DATA PROVIDED: Begin

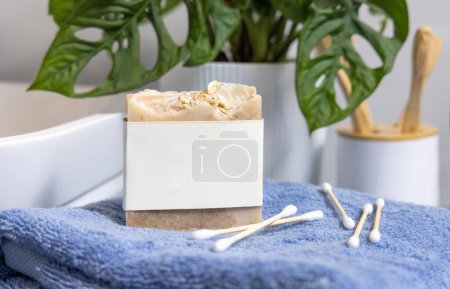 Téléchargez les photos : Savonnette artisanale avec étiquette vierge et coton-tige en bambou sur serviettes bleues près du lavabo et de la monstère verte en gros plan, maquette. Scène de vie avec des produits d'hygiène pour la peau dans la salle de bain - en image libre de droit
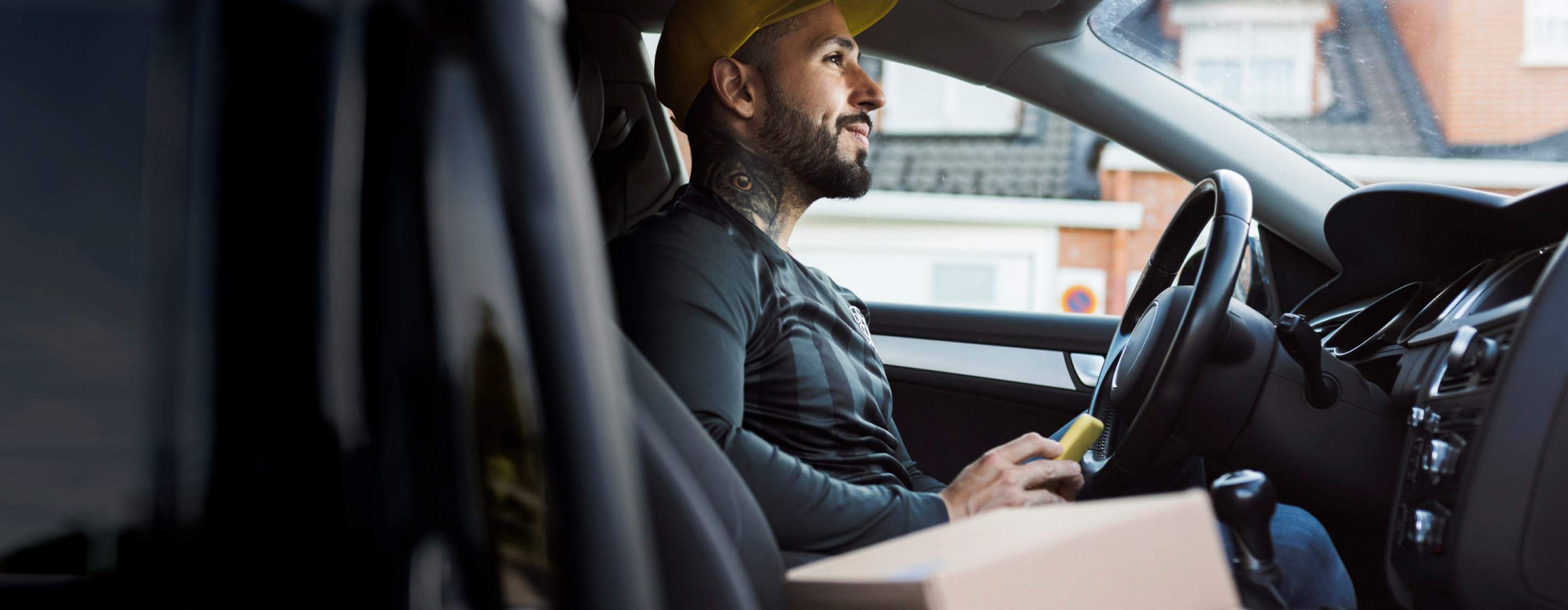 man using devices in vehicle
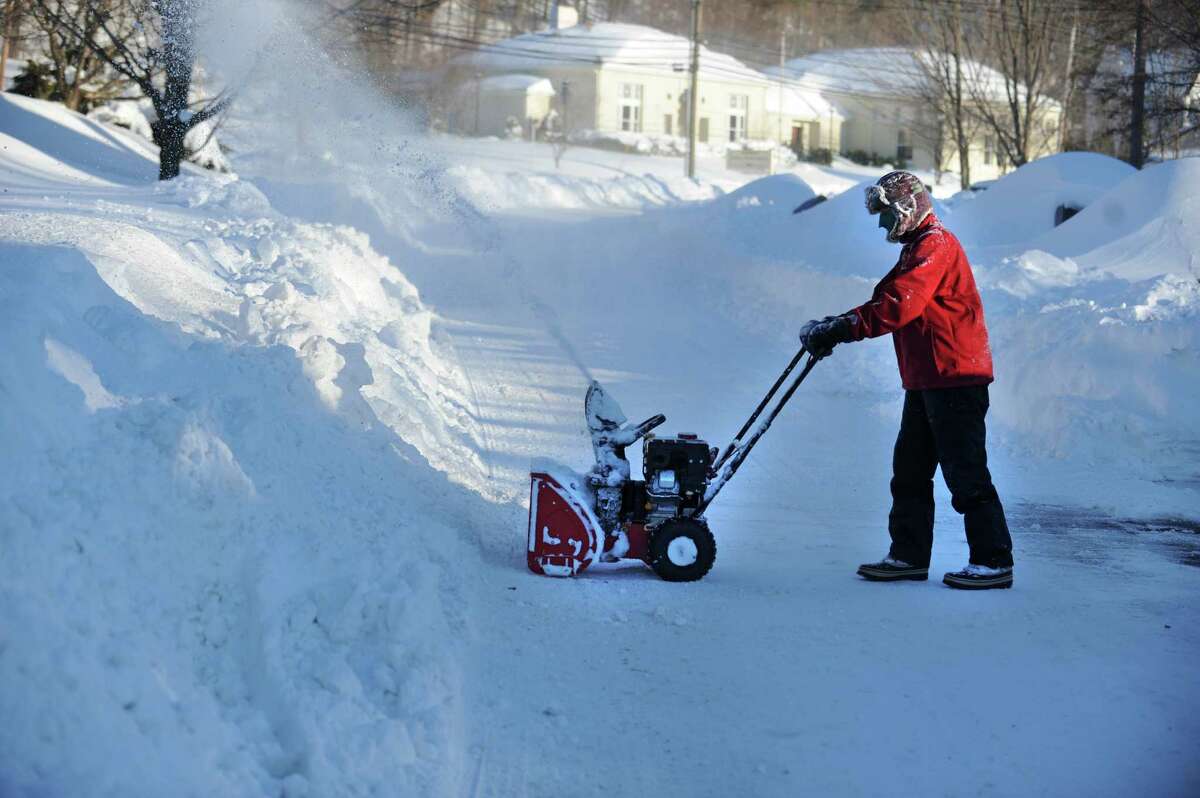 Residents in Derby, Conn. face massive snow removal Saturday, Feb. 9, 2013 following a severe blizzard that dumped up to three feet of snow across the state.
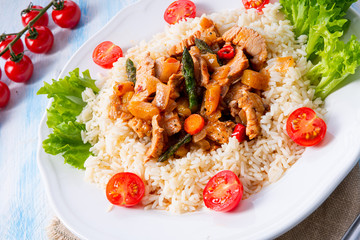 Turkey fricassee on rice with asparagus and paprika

DATA PROVIDED: End
DATA PROVIDED: Begin

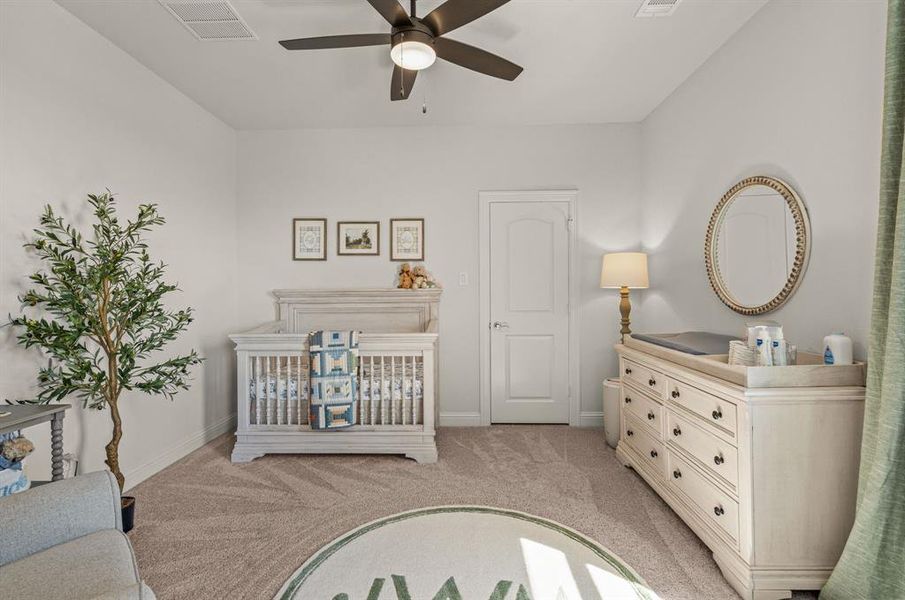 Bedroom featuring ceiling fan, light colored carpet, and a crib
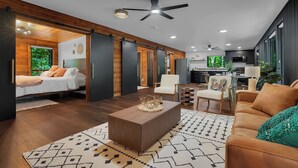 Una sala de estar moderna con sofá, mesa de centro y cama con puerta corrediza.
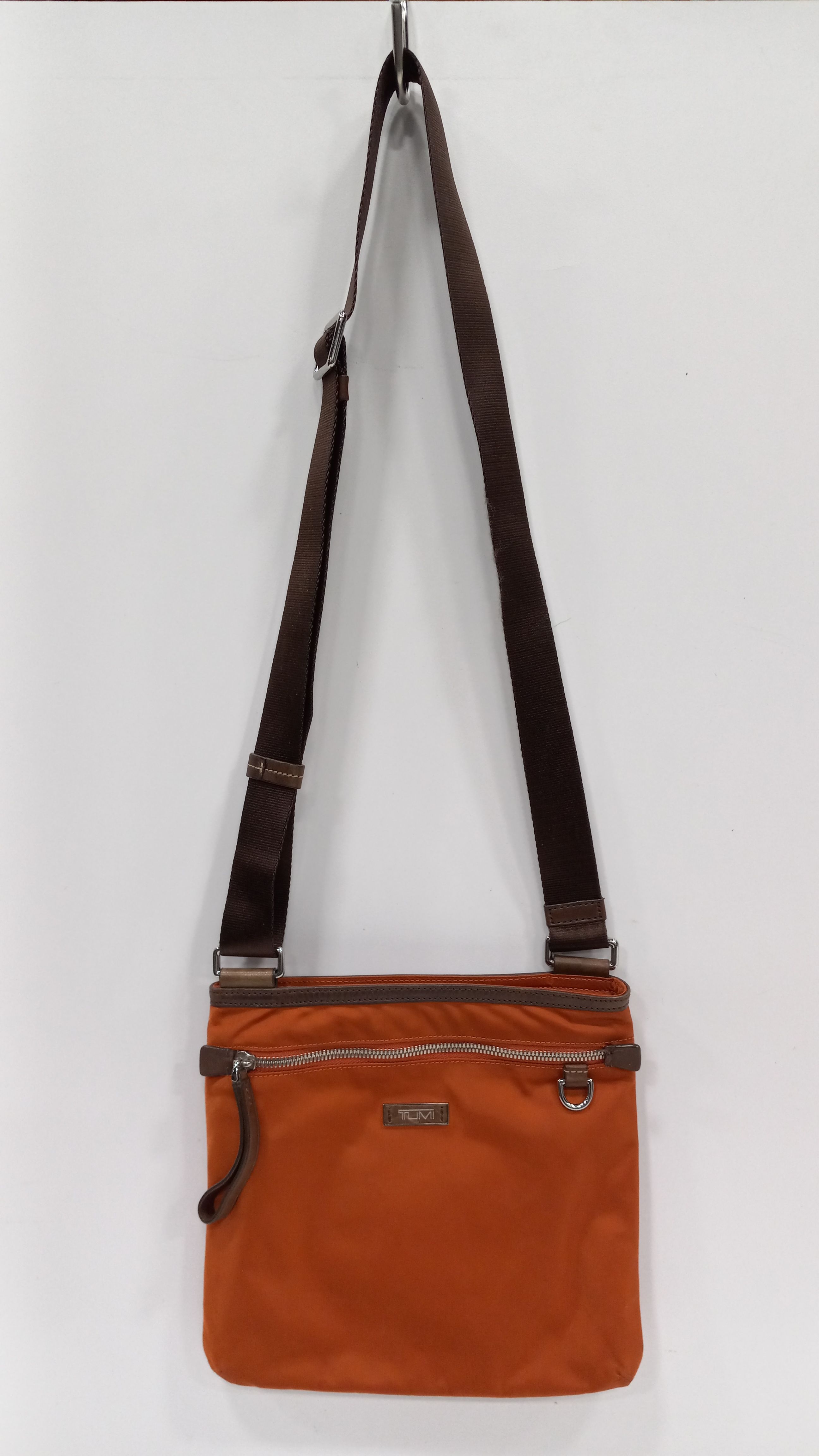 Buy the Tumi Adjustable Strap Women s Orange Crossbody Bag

DATA PROVIDED: End
DATA PROVIDED: Begin

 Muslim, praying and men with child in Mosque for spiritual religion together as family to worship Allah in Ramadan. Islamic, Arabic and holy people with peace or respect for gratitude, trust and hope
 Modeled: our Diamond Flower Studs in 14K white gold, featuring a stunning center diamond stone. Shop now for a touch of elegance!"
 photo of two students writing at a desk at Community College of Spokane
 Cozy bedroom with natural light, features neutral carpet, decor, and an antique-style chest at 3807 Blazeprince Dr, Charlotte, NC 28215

DATA PROVIDED: End

#### WORK ITEM
In the listing above, find the line containing "Téléchargez les photos" and the line containing "Turkey fricassee on". Reproduce those lines and all between them exactly, with no pictures and nothing more.

#### WRITTEN SOLUTION
 Téléchargez les photos : Savonnette artisanale avec étiquette vierge et coton-tige en bambou sur serviettes bleues près du lavabo et de la monstère verte en gros plan, maquette. Scène de vie avec des produits d'hygiène pour la peau dans la salle de bain - en image libre de droit
 man using devices in vehicle
 Residents in Derby, Conn. face massive snow removal Saturday, Feb. 9, 2013 following a severe blizzard that dumped up to three feet of snow across the state.
 Turkey fricassee on rice with asparagus and paprika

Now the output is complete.